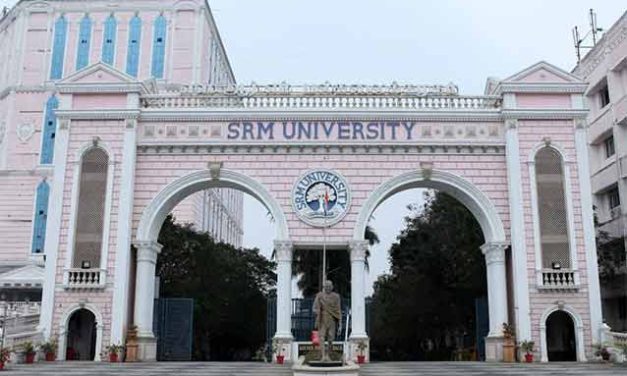 Dr. Vendamani receives Best Poster award at SRM University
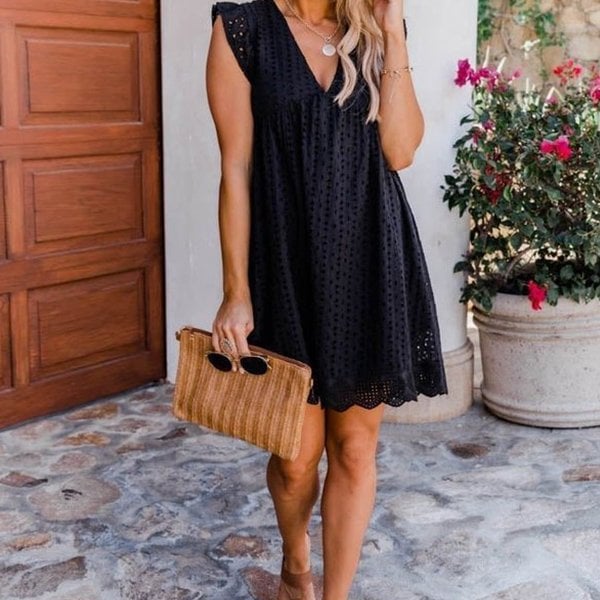 💖Hot Sales 40% OFF💖summer V-neck short-sleeved hollow lace dress👗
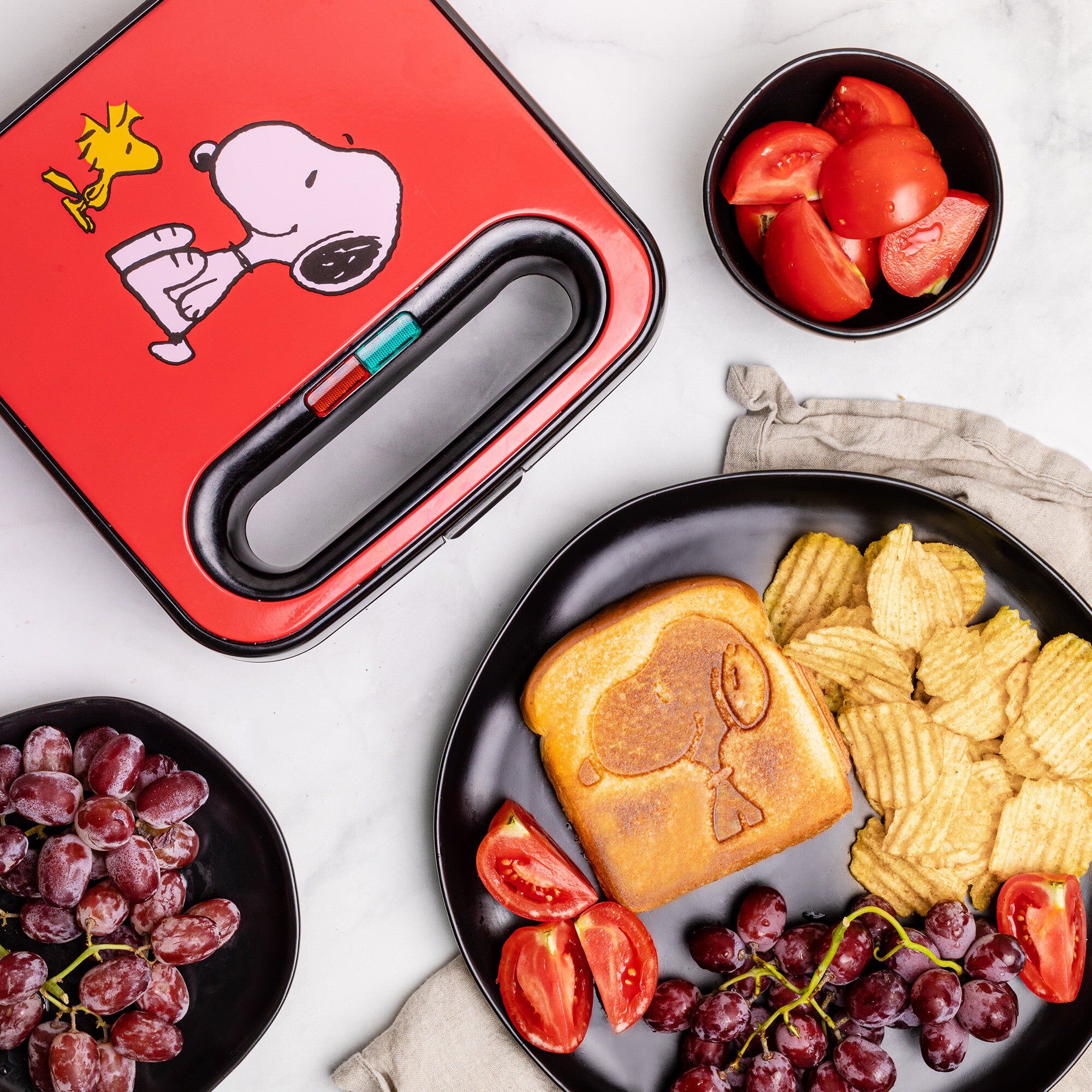 Uncanny Brands Peanuts Snoopy Sandwich Maker - Thumbnail 5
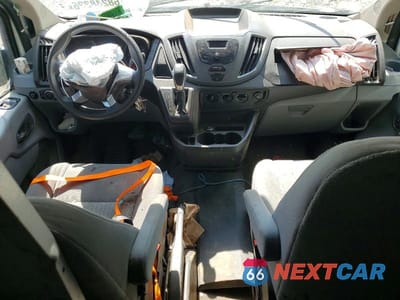 Zdjęcie 8 z 13 samochodu: 2016 FORD TRANSIT 250 DELIVERY VAN VIN:1FTYR1ZM5GKB04258 - miniatura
****************
WORK TO BE COMPLETED: Retype the listing above exactly as it appears, omitting the pictures.

RESPONSE TO THIS TASK:
 Dr. Vendamani receives Best Poster award at SRM University
 💖Hot Sales 40% OFF💖summer V-neck short-sleeved hollow lace dress👗
 Uncanny Brands Peanuts Snoopy Sandwich Maker - Thumbnail 5
 Zdjęcie 8 z 13 samochodu: 2016 FORD TRANSIT 250 DELIVERY VAN VIN:1FTYR1ZM5GKB04258 - miniatura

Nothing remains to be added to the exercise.